Recorded data:
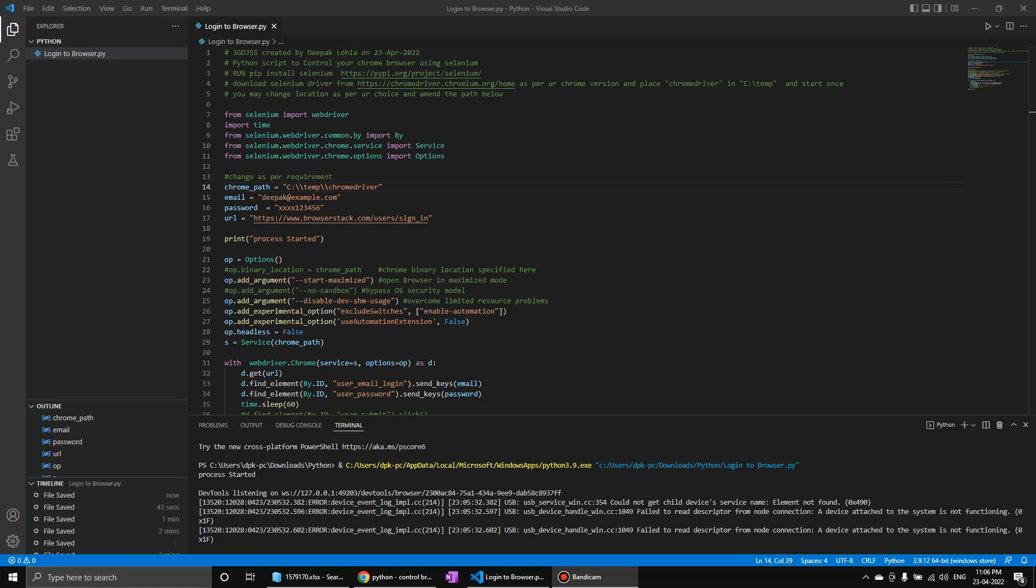Hello and welcome to coordination today. I'm going to show you how you can control your browser using a Python script like this and then you can enter the data in that.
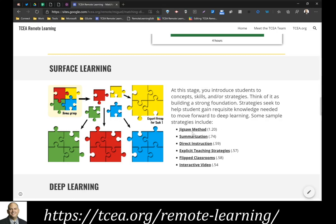If you use the jigsaw method consistently, you're going to accelerate student learning within one year. We want students to move faster because they arrive at different levels — some may be below grade level, others ahead — but these strategies help all students do well. Other surface strategies include summarization at 0.74, direct instruction at 0.59, explicit teaching strategies at 0.57, and flipped classrooms at 0.58.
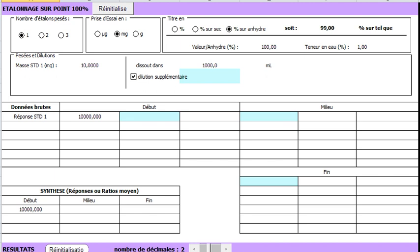Therefore, we provide the form with the water content, which is 1%. The final purity, 99%, is automatically calculated.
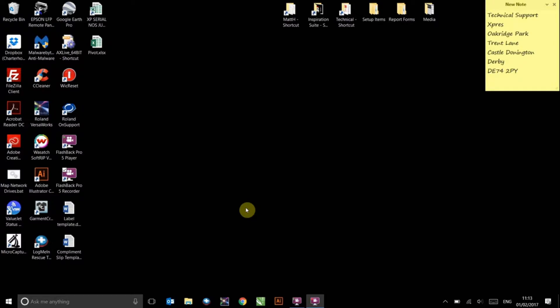Before starting, the Roland Versaworks RIP software must be installed onto the computer. Illustrator must also be closed. You are now ready to begin the installation.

What the task requires: Transcribe the full listing above exactly as it stands, minus the pictures.

Task result:
Hello and welcome to coordination today. I'm going to show you how you can control your browser using a Python script like this and then you can enter the data in that.
If you use the jigsaw method consistently, you're going to accelerate student learning within one year. We want students to move faster because they arrive at different levels — some may be below grade level, others ahead — but these strategies help all students do well. Other surface strategies include summarization at 0.74, direct instruction at 0.59, explicit teaching strategies at 0.57, and flipped classrooms at 0.58.
Therefore, we provide the form with the water content, which is 1%. The final purity, 99%, is automatically calculated.
Before starting, the Roland Versaworks RIP software must be installed onto the computer. Illustrator must also be closed. You are now ready to begin the installation.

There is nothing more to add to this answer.